→ Aim of the exercise: Word for word, restate the lines from the start of the data down to the line with "Imagem Hager Ficha", both included.

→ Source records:
----
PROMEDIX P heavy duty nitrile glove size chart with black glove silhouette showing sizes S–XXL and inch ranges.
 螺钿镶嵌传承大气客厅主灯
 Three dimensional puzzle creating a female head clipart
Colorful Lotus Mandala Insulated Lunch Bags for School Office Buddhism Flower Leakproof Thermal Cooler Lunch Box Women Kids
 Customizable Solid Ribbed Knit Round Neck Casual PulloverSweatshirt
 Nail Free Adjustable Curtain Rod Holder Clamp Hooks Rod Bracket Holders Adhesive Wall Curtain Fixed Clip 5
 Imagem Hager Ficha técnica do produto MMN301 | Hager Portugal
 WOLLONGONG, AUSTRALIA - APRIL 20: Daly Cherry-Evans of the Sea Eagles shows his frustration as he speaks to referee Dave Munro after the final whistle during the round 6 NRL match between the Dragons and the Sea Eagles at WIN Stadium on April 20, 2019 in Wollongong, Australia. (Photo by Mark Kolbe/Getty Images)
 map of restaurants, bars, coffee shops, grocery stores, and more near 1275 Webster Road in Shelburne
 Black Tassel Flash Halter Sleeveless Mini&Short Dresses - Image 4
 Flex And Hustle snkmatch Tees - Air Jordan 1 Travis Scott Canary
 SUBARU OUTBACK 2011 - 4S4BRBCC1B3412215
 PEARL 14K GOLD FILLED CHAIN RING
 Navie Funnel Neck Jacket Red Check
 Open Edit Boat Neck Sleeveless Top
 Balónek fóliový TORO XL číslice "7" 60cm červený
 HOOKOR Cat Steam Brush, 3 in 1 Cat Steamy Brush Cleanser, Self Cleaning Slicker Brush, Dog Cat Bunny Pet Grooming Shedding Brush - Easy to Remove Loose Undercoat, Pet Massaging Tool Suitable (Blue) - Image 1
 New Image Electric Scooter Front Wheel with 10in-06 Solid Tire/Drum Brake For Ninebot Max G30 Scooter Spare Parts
----
→ Written answer:
PROMEDIX P heavy duty nitrile glove size chart with black glove silhouette showing sizes S–XXL and inch ranges.
 螺钿镶嵌传承大气客厅主灯
 Three dimensional puzzle creating a female head clipart
Colorful Lotus Mandala Insulated Lunch Bags for School Office Buddhism Flower Leakproof Thermal Cooler Lunch Box Women Kids
 Customizable Solid Ribbed Knit Round Neck Casual PulloverSweatshirt
 Nail Free Adjustable Curtain Rod Holder Clamp Hooks Rod Bracket Holders Adhesive Wall Curtain Fixed Clip 5
 Imagem Hager Ficha técnica do produto MMN301 | Hager Portugal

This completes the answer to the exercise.